SERVES 2 (WITH LEFTOVERS)
Prep Time: 20 minutes
Cook Time: 1 hour 15 minutes
Total Time: 1 hour 35 minutes
1 pound ground meat (beef, lamb, bison)
1 onion, finely chopped
3 cloves garlic, minced
1 teaspoon cumin
1 teaspoon chili powder
½ teaspoon paprika
½ teaspoon mustard powder
½ teaspoon salt
1 red bell pepper, finely chopped
1 green bell pepper, finely chopped
1 can (14.5 ounces) diced tomatoes
2 cups beef broth
Different garnish options can really change the flavor of this dish. Try topping with fresh cilantro, jalapeños, crushed red pepper, or a drizzle of Ranch Dressing. If you’re active and need to eat more carbohydrates, cut some potatoes or butternut squash into small cubes and add them to the pot just before simmering, or serve your chili in a “bowl” of roasted acorn squash halves.
Heat a large pot or high-walled skillet over medium-high heat (without cooking fat). Add the ground meat and cook until the meat is fully browned, 7 to 10 minutes. Remove the meat from the pot with a slotted spoon and transfer it to a side dish, keeping the leftover fat in the pot.

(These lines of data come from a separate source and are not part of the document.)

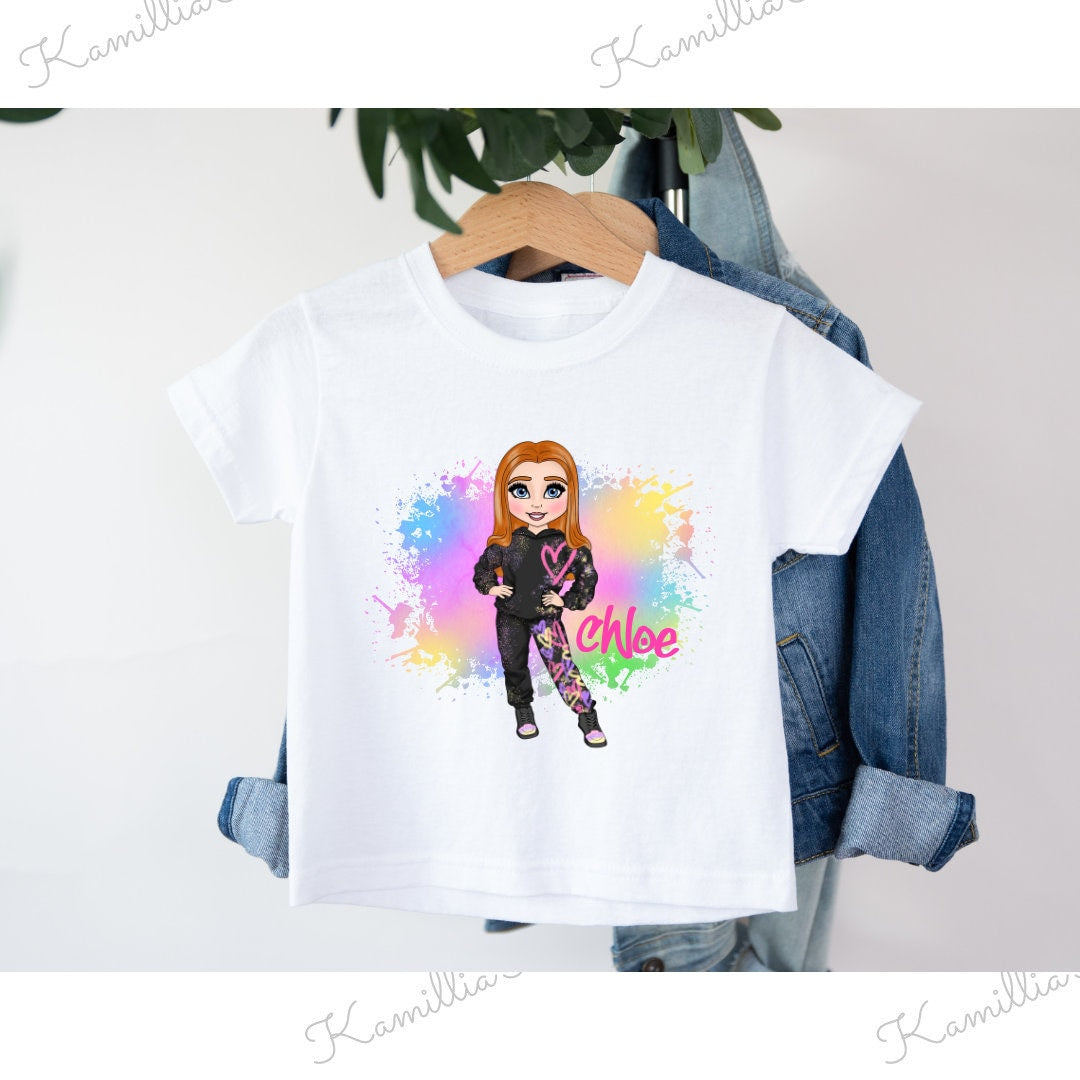 Personalised Girl Graffiti Character - T-Shirts, Jumper, Hoody, Matchings Kids, Unisex, Trending, Doll Art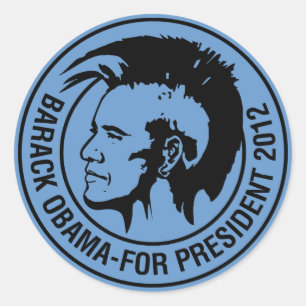 Sticker Rond I Love Obama 2012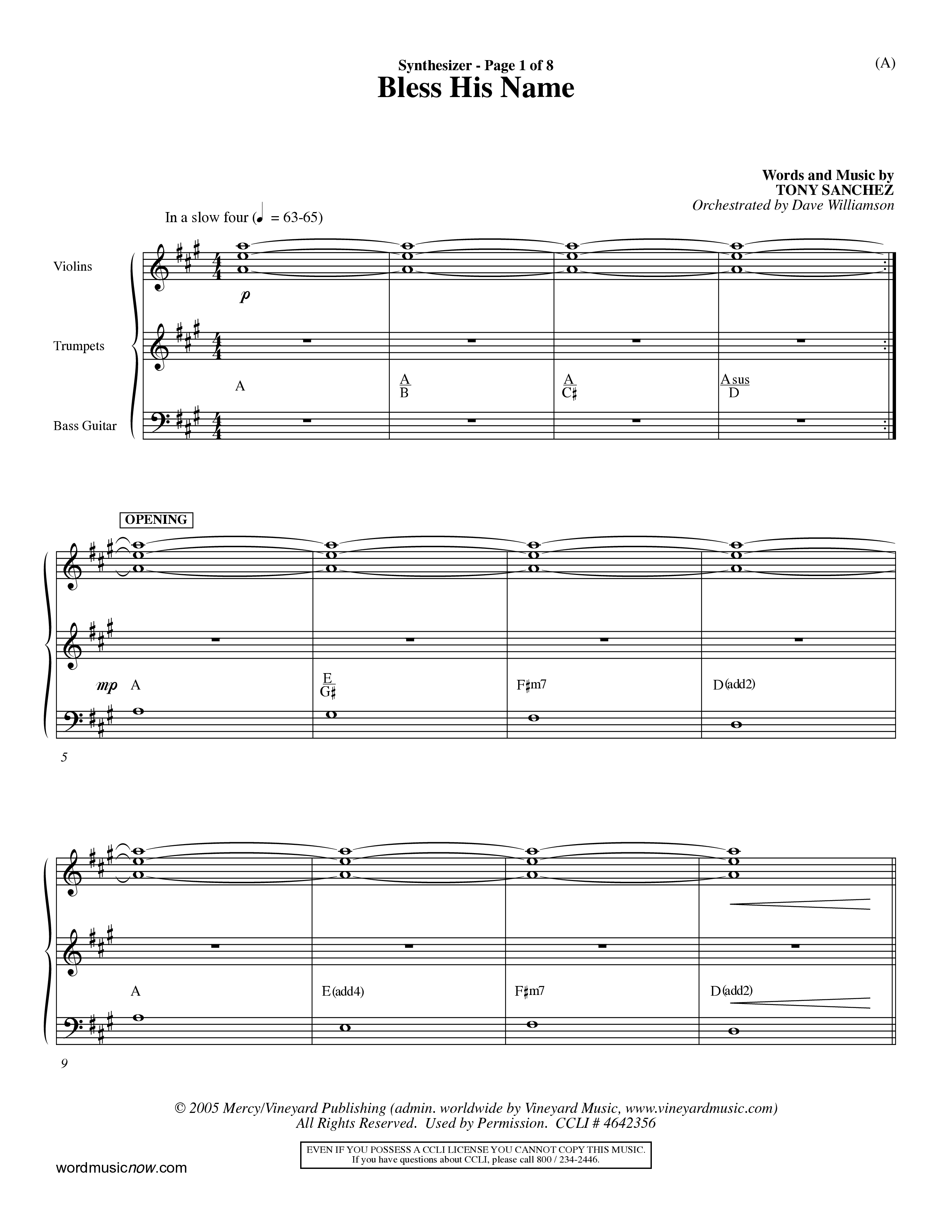 Bless His Name (Choral Anthem SATB) Synth (Word Music Choral / Orch. Dave Williamson)
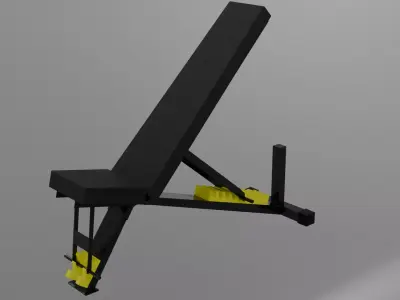 45 gym fitness workout bench lowpoly 3d Low-poly 3D model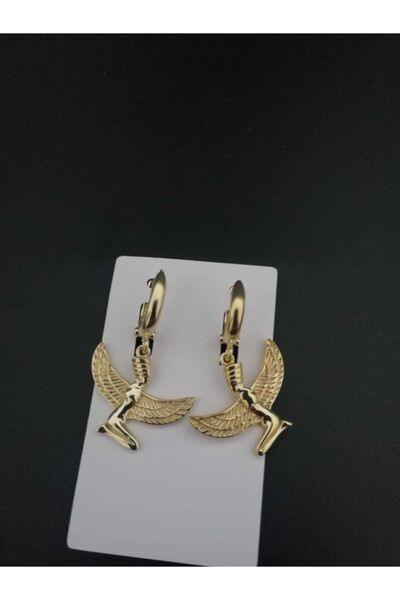 Angel Kadın Küpe 925 Ayar Gümüş Renk Gold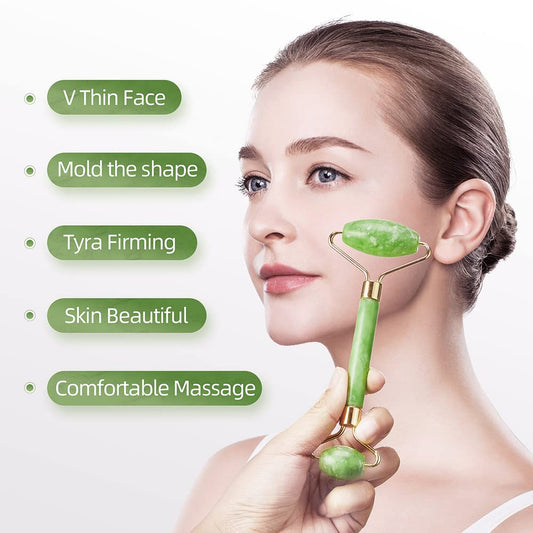3-in-1 Natural Jade Roller and Gua Sha Set for Face and Eye Ice Roller Facial Cooling Massage Roller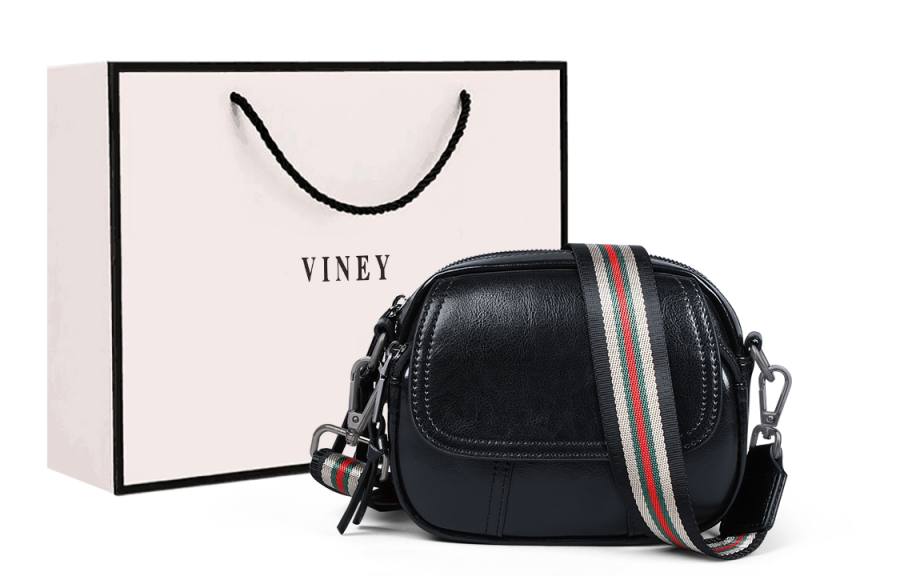 VINEY Cow Leather Shoulder Bag, Crossbody Bag, Small Round Bag Regular Women's Black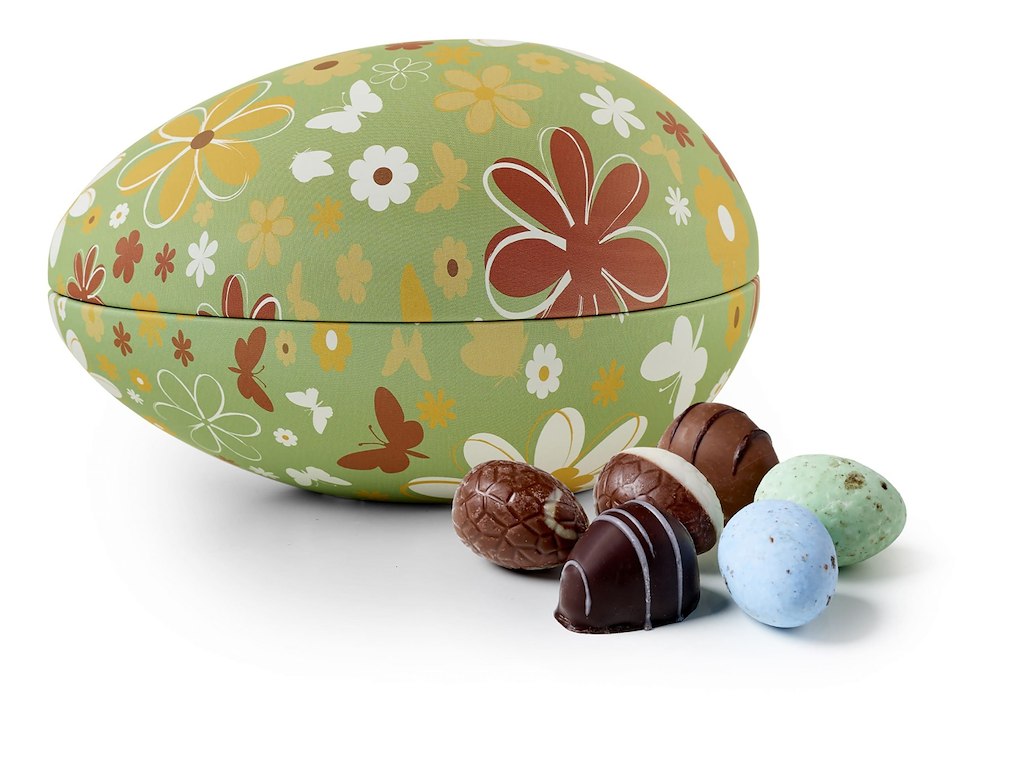 Butterflies & Flowers metalæg | Mixede påskeæg 350g.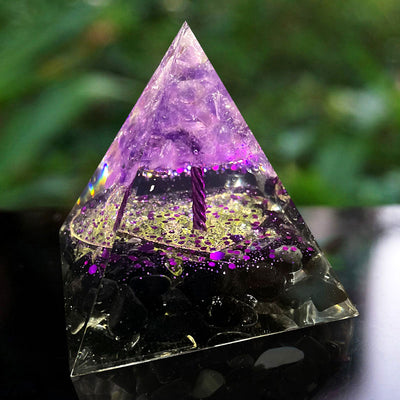 Olivenorma Amethyst-Sphäre mit Obsidian-Orgonpyramide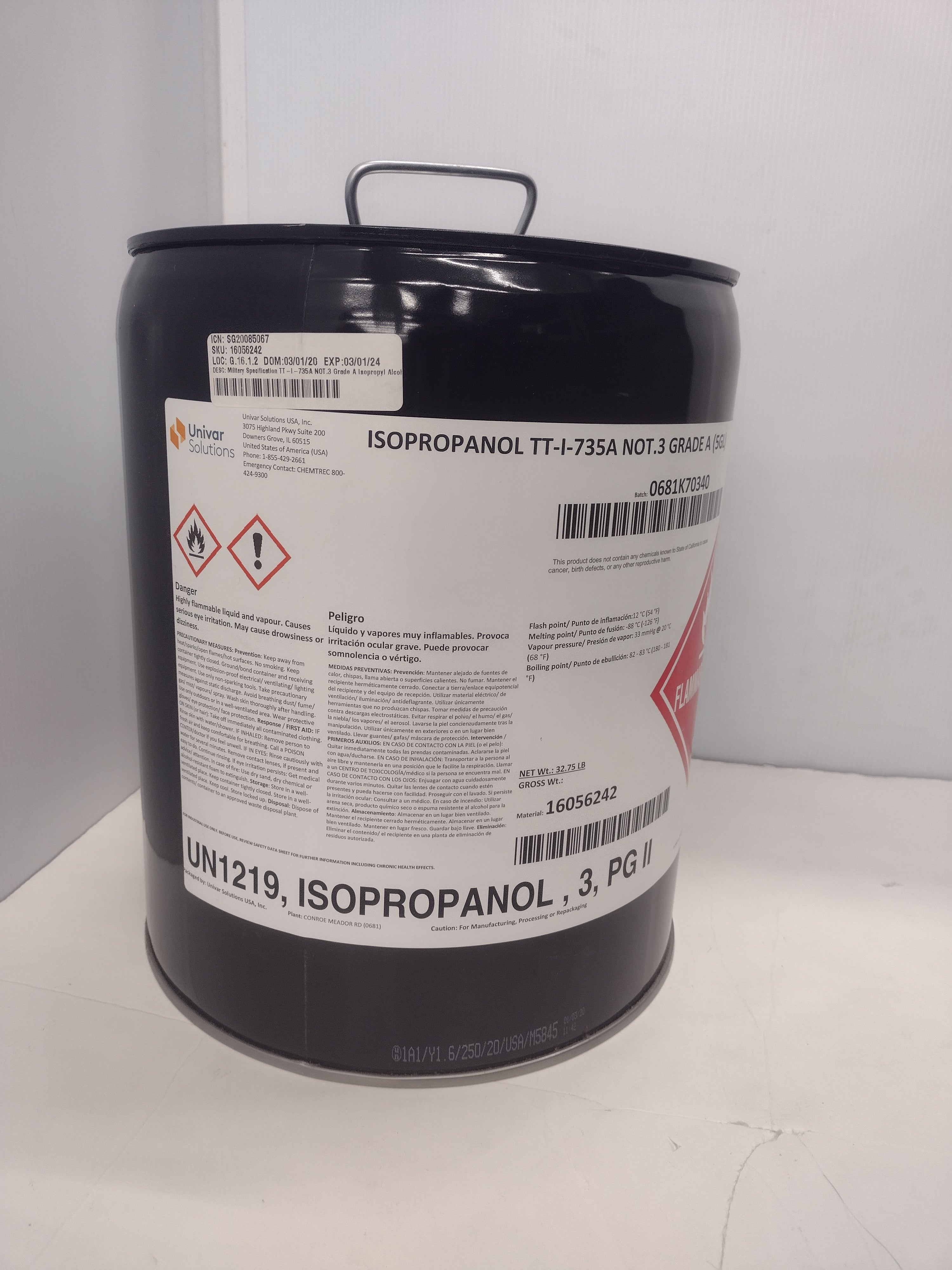 Univar Solutions UN1219 (16056242) Grade A 99% Isopropanol (5 gal) - NEW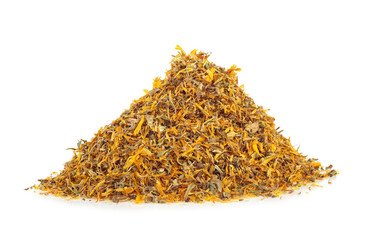 Pile of dried calendula petals on a white background. Full depth of field. - obrazy, fototapety, plakaty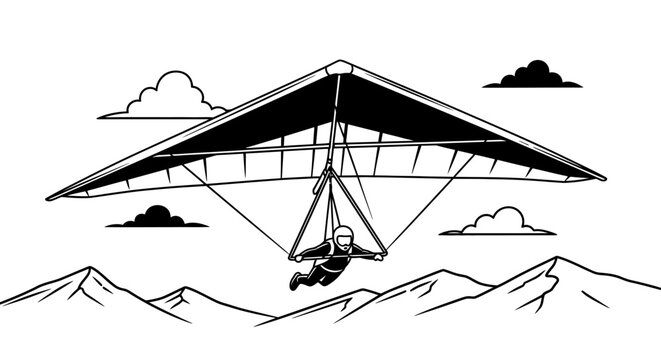 Hang Glider Pilot Flying Over Mountains, Extreme Sports Adventure, Aerial View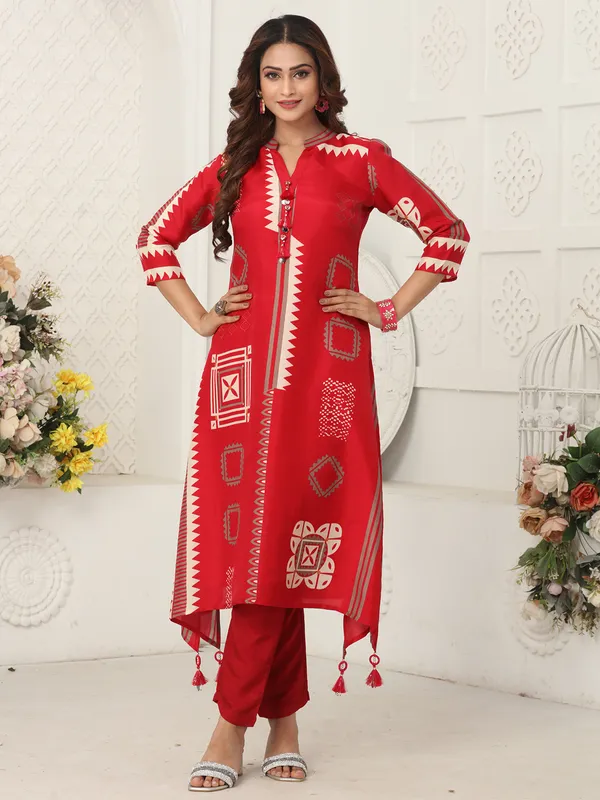 Red printed kurti set in russian silk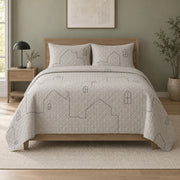 Minimal House Line Homebody Quilt Set, front introvert homebodies bedroom view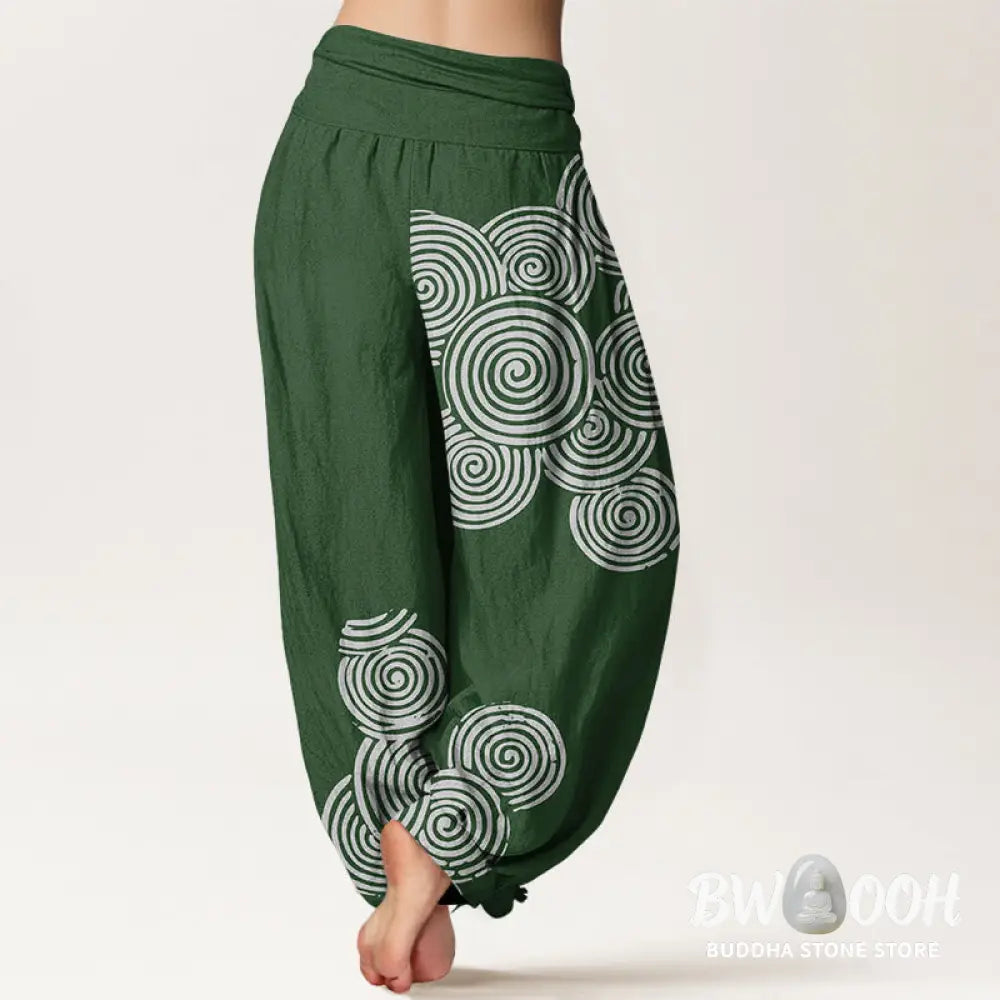 Buddha Stones Printed White Spiral Pattern Women’s Elastic Waist Harem Pure Cotton Pants - Women’s Harem Pants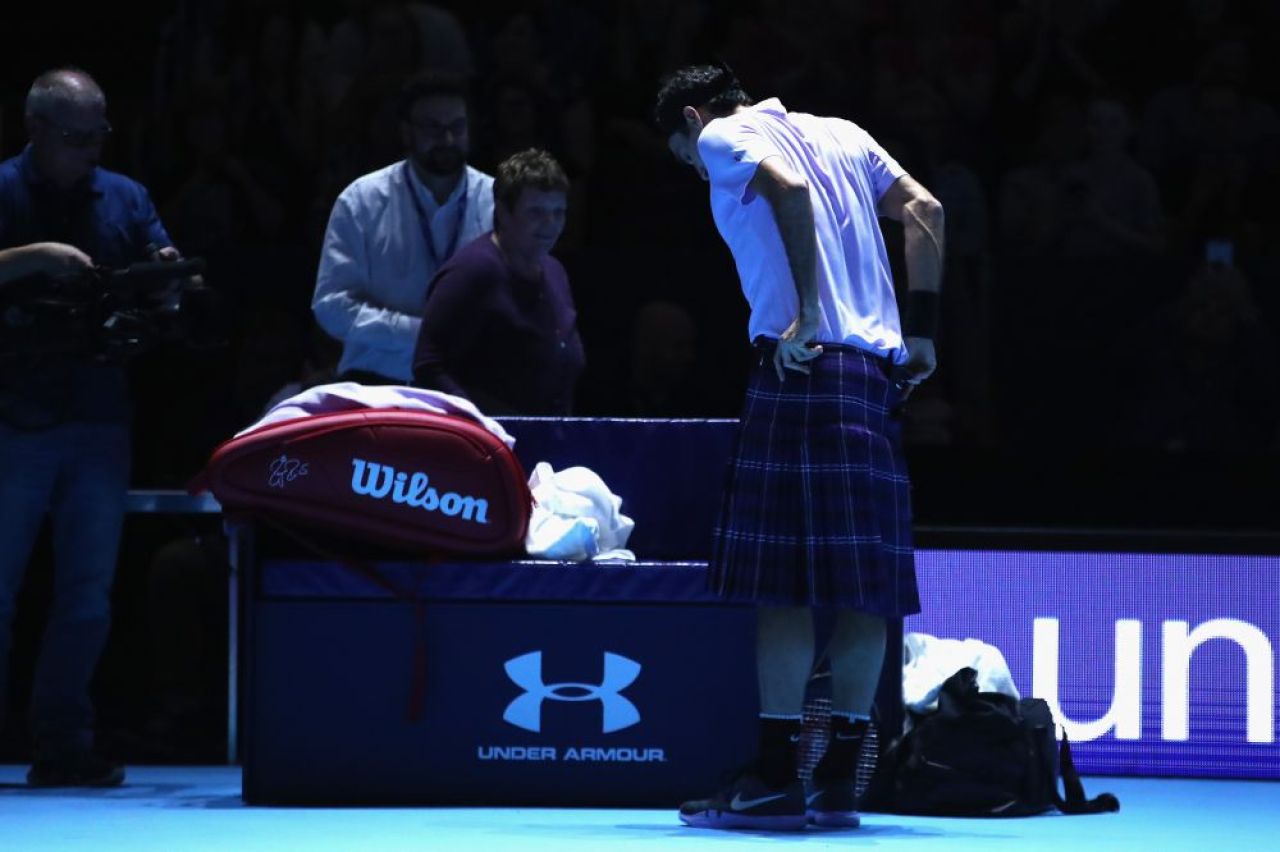 Imagini FABULOASE cu Federer! A jucat tenis contra lui Murray intr-un kilt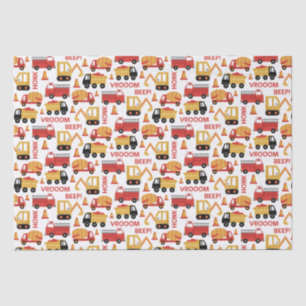 Vroom Honk Beep! Trucks Tissue Paper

Add the onions, garlic, cumin, chili powder, paprika, mustard powder, and salt to the pot. Reduce the heat to medium low and cook until the onions are translucent, 4 to 5 minutes.
Add the bell peppers, tomatoes, and broth. Turn the heat up to high. When the chili reaches a boil, reduce the heat to low and simmer uncovered for 1 hour.
✪ This Recipe can easily be made in a slow cooker. Follow all of the directions exactly as above, up to the point when your onions are translucent. At that point, transfer the contents from the pot to your slow cooker. Add the bell peppers, tomatoes, and broth and set to low heat, cooking for 6 to 8 hours.